Records for this task:

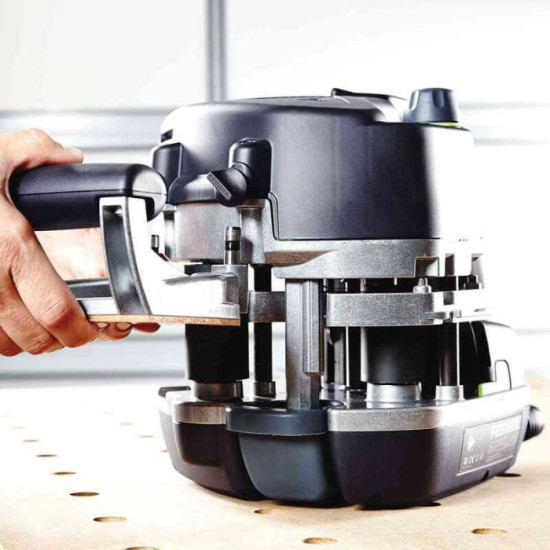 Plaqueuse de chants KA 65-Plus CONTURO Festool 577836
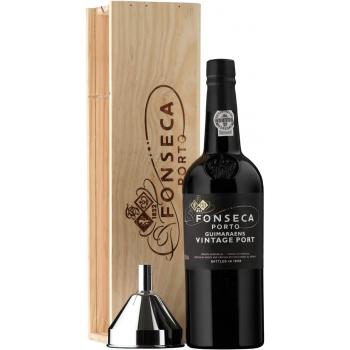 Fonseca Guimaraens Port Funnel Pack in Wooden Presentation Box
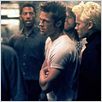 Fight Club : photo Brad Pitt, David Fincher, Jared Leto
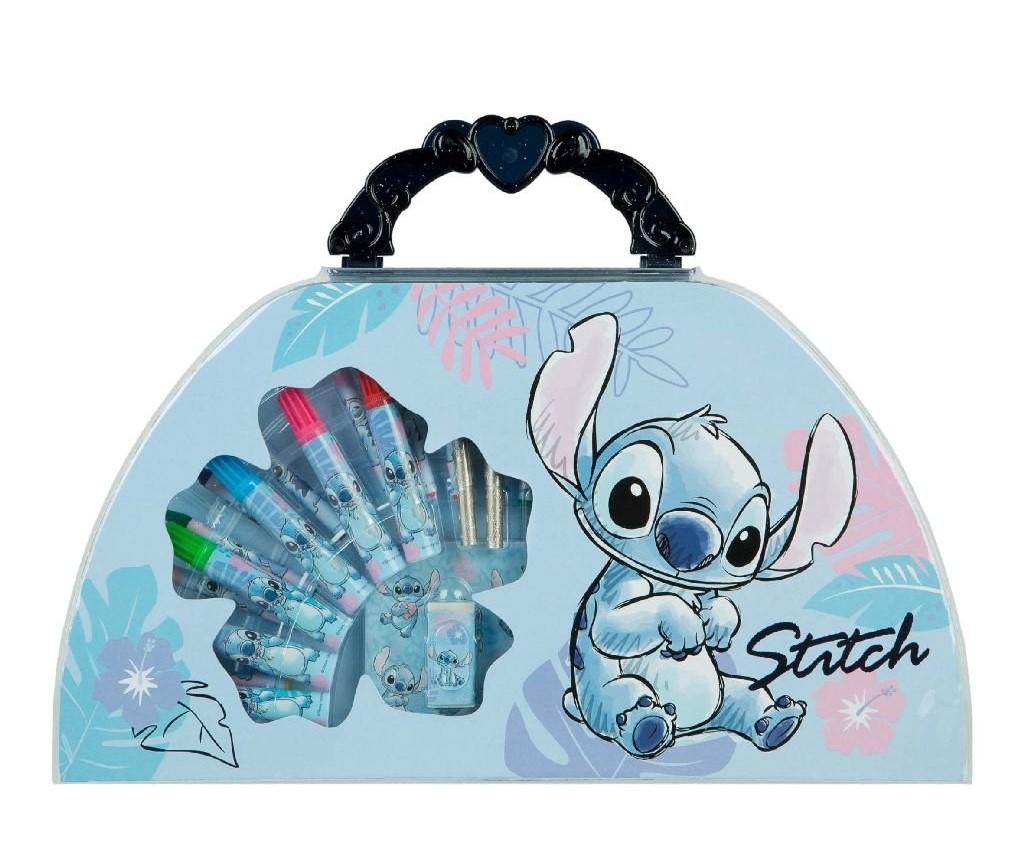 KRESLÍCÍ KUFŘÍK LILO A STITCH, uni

--

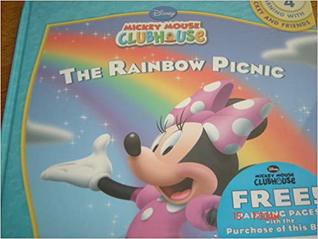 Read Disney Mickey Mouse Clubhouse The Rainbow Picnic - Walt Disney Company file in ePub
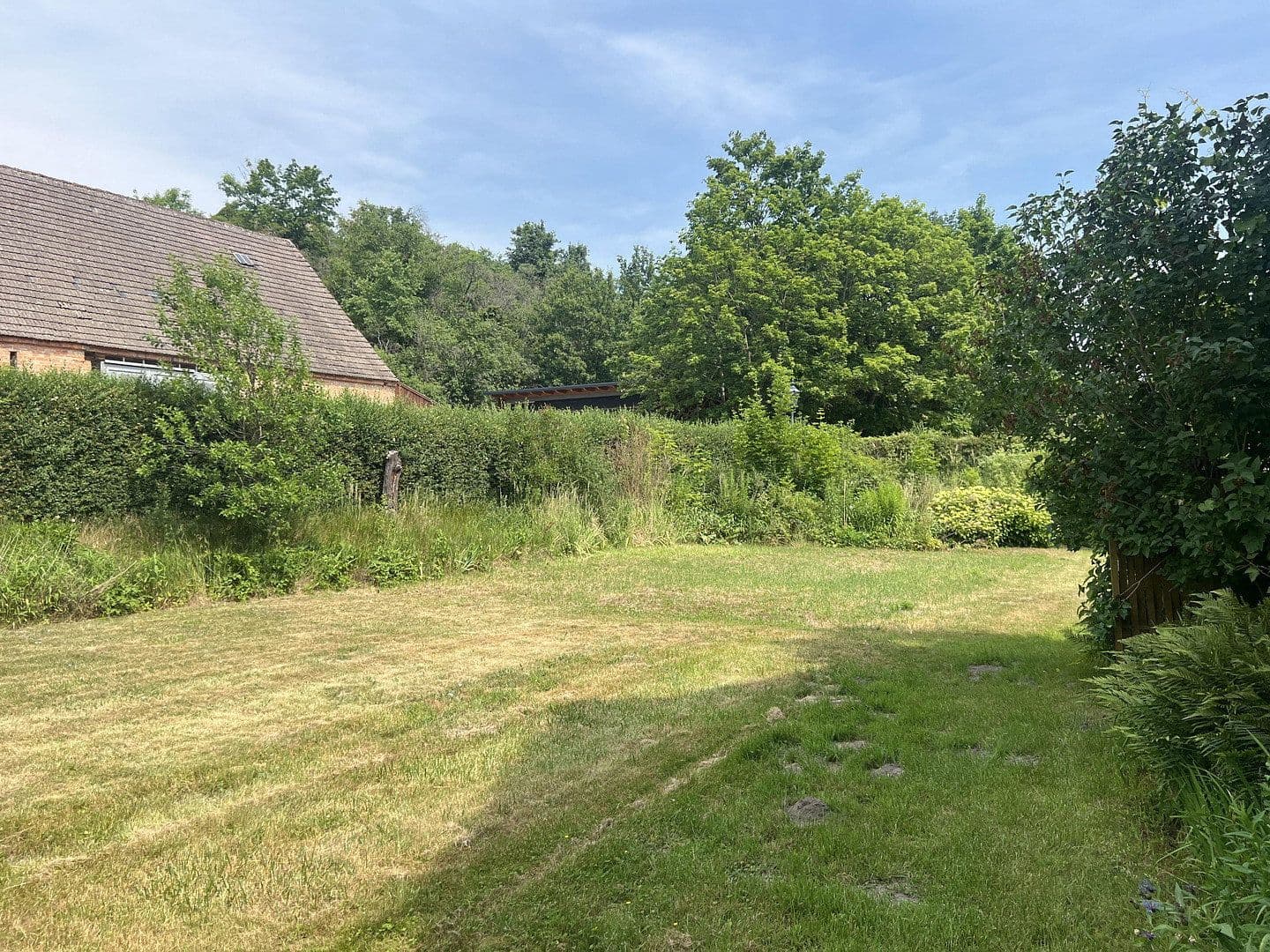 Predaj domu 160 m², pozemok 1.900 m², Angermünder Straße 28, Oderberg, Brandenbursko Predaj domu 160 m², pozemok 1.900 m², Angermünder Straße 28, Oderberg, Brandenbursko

Required work:
Leave the pictures out, and transcribe exactly the lines above starting at the one that contains "Read Disney Mickey" and ending at the one that contains "Oderberg, Brandenbursko Predaj".

The answer:
 Read Disney Mickey Mouse Clubhouse The Rainbow Picnic - Walt Disney Company file in ePub
 Predaj domu 160 m², pozemok 1.900 m², Angermünder Straße 28, Oderberg, Brandenbursko Predaj domu 160 m², pozemok 1.900 m², Angermünder Straße 28, Oderberg, Brandenbursko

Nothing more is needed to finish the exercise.